### Stored data
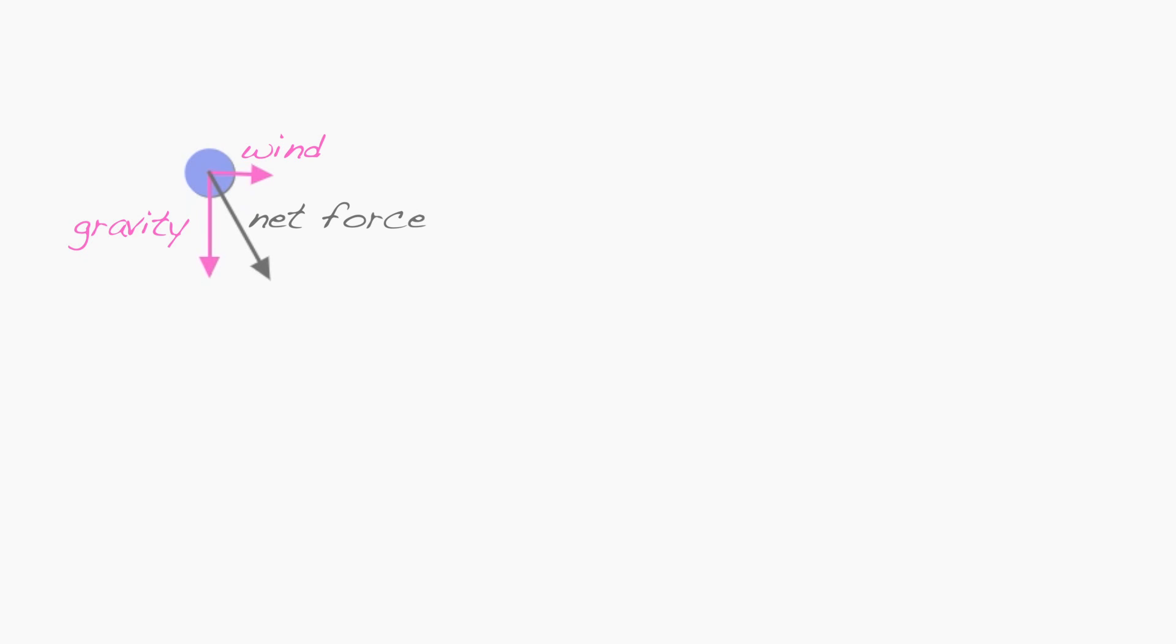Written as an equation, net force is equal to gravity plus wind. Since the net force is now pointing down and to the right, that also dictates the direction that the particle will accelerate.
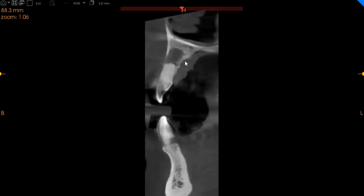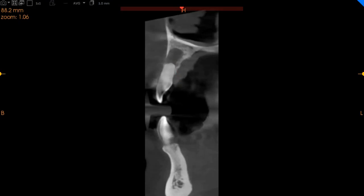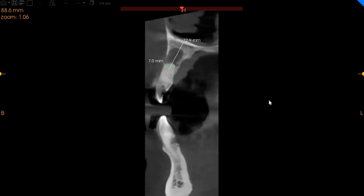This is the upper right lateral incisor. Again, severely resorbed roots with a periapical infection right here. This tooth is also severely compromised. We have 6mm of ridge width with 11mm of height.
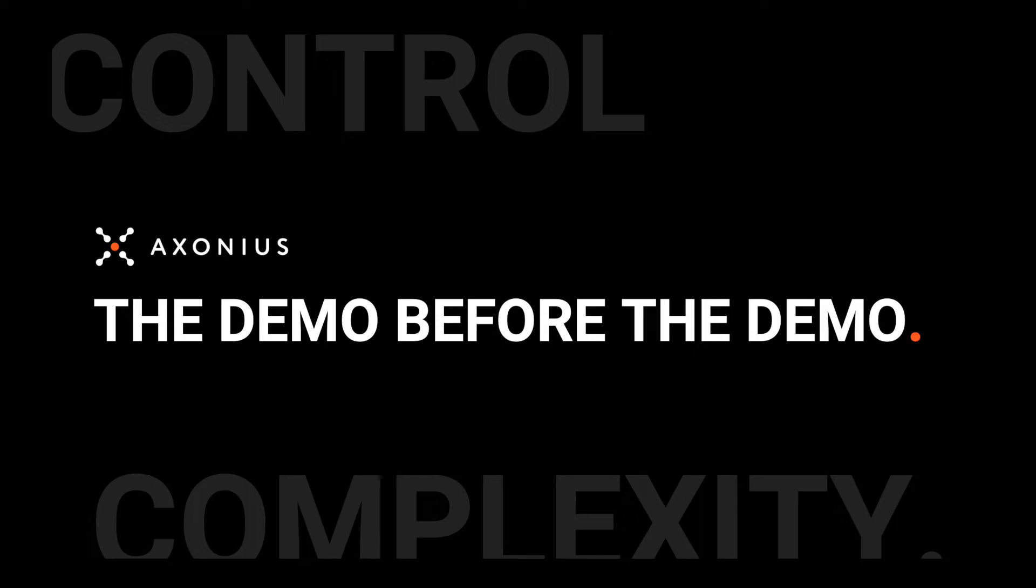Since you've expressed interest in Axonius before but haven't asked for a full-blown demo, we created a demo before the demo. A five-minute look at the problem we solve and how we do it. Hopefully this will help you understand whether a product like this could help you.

---

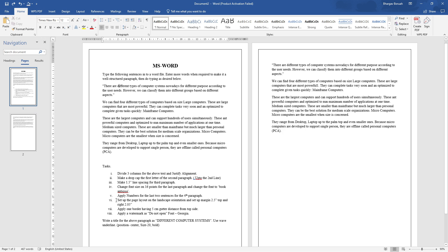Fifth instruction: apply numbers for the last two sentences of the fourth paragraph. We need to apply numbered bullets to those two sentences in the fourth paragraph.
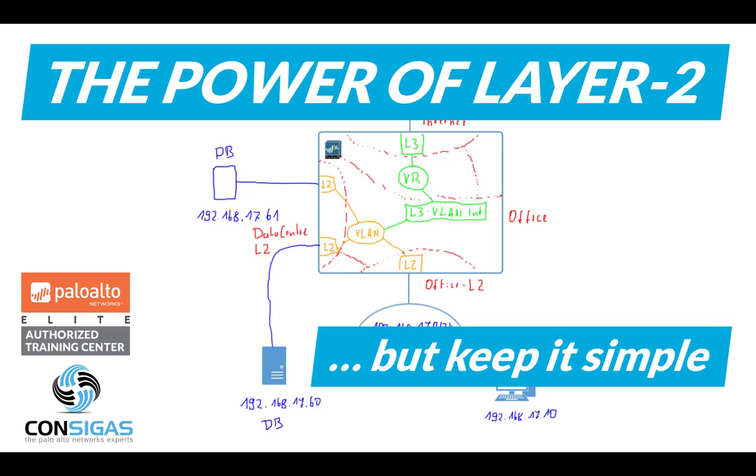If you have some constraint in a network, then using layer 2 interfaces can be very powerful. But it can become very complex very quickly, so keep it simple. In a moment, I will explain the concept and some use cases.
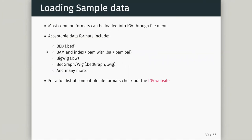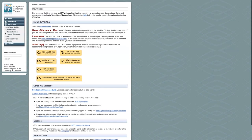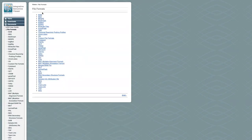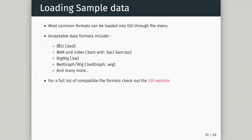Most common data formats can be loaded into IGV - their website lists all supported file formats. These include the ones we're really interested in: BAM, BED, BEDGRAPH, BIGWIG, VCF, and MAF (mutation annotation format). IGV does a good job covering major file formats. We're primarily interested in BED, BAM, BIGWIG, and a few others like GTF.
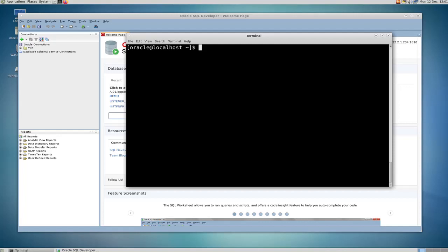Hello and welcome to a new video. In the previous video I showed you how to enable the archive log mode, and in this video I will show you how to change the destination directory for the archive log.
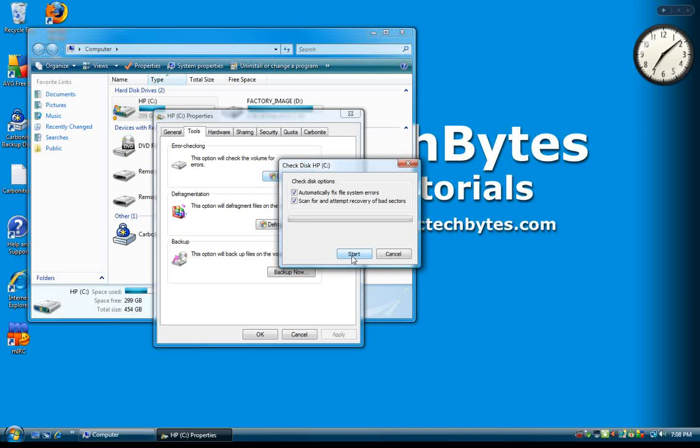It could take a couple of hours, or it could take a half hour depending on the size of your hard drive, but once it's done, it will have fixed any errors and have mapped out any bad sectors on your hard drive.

### Problem to work on
Please repeat the lines of the material above exactly, starting with the line that contains "Written as an" and ending with the line that contains "Since you've expressed". Leave the pictures out.

### Result of this task
Written as an equation, net force is equal to gravity plus wind. Since the net force is now pointing down and to the right, that also dictates the direction that the particle will accelerate.
This is the upper right lateral incisor. Again, severely resorbed roots with a periapical infection right here. This tooth is also severely compromised. We have 6mm of ridge width with 11mm of height.
Since you've expressed interest in Axonius before but haven't asked for a full-blown demo, we created a demo before the demo. A five-minute look at the problem we solve and how we do it. Hopefully this will help you understand whether a product like this could help you.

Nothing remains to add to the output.